Starting at the line with "Visagie Maastricht fotoshoot Pin-up" and ending at the line with "E-CLOTH Ecloth Bathroom", print exactly the lines of the entries below. Pictures do not belong in the copy.

• Material for this task:
====
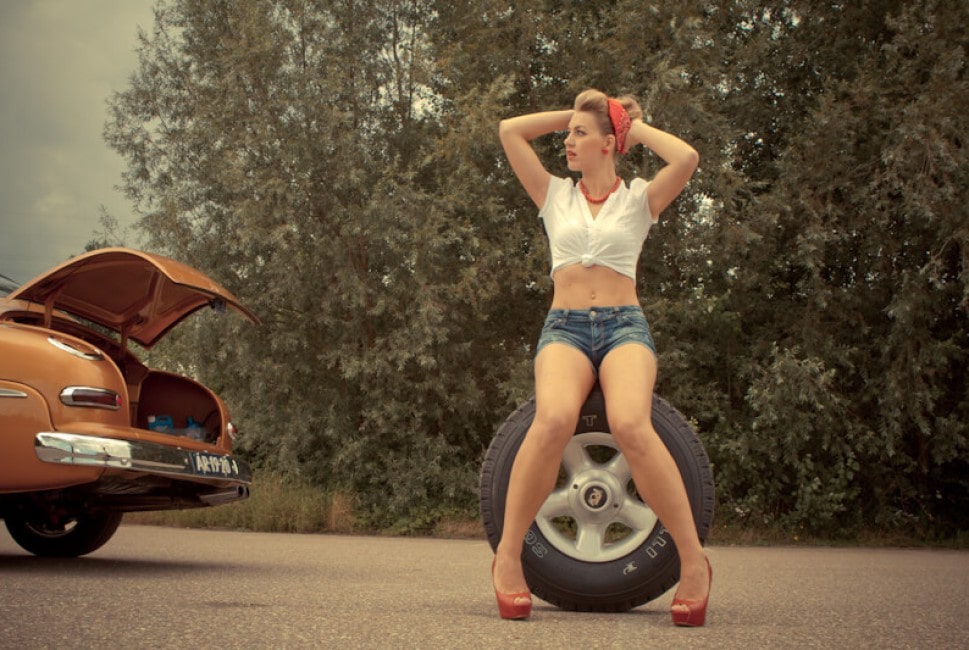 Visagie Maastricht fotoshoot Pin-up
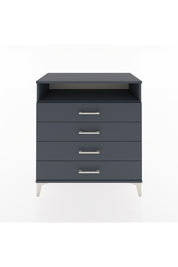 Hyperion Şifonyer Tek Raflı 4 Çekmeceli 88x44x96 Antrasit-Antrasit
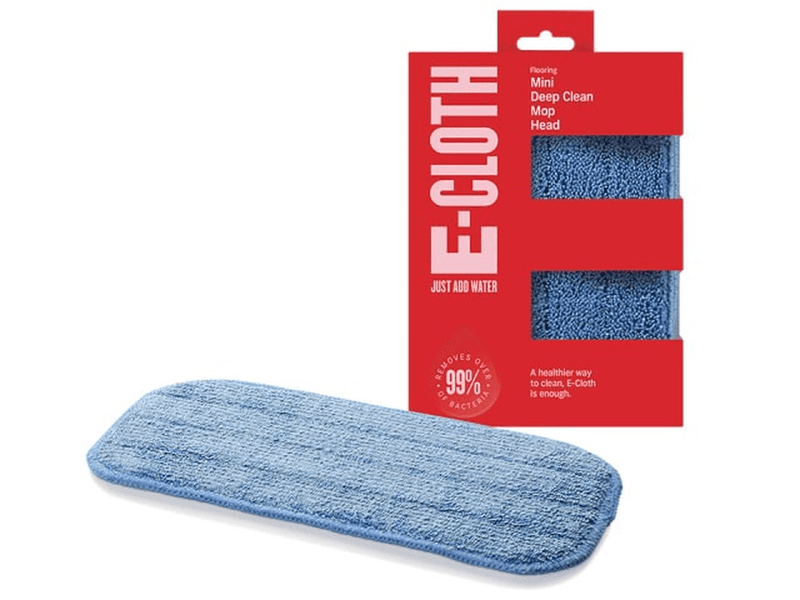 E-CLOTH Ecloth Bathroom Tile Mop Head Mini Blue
====
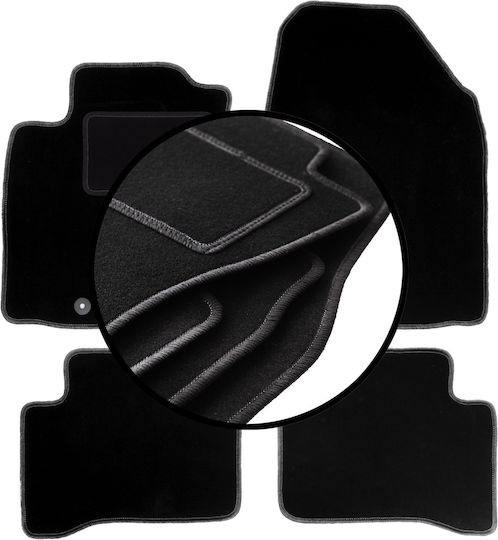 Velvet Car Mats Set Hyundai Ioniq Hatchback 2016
====
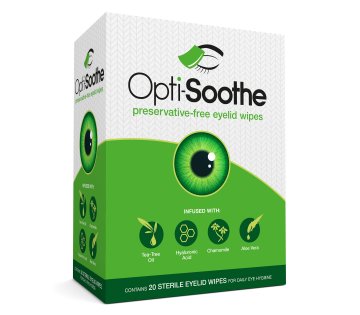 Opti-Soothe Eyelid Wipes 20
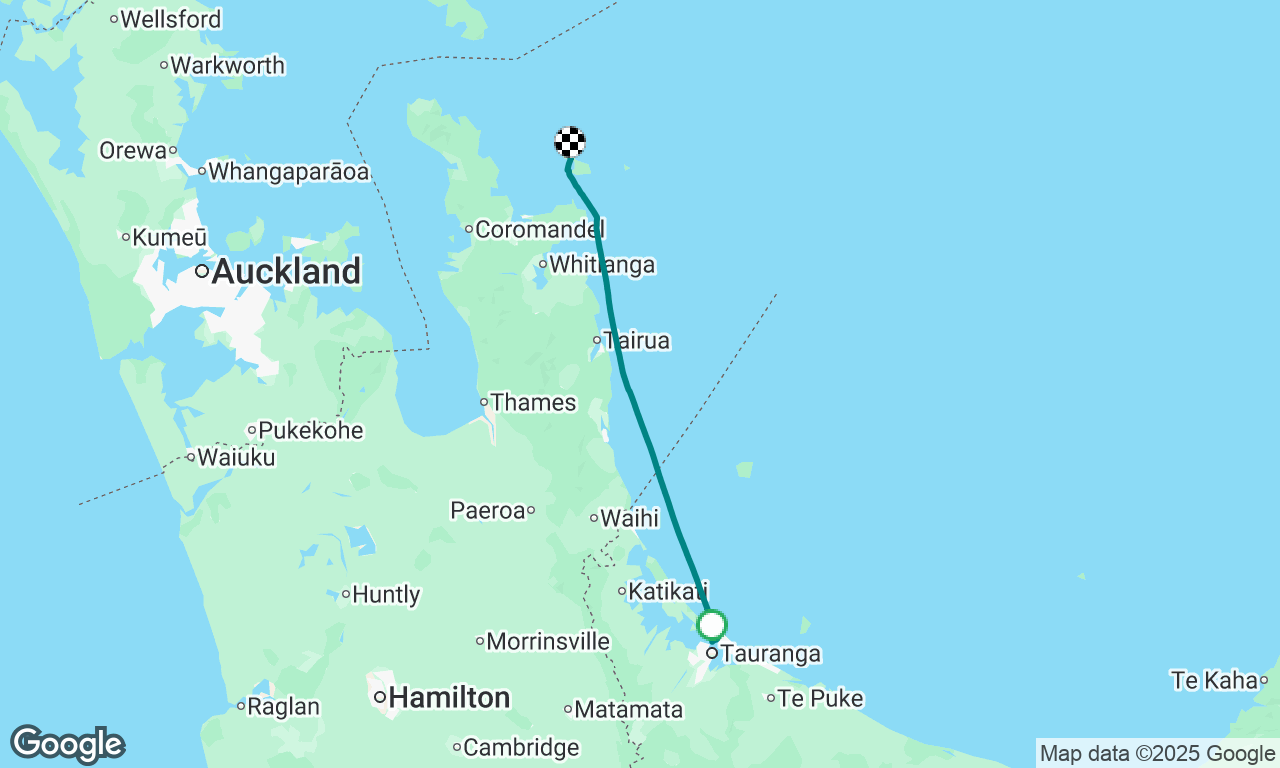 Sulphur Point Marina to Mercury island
====
• Finished exercise:
 Visagie Maastricht fotoshoot Pin-up
 Hyperion Şifonyer Tek Raflı 4 Çekmeceli 88x44x96 Antrasit-Antrasit
 E-CLOTH Ecloth Bathroom Tile Mop Head Mini Blue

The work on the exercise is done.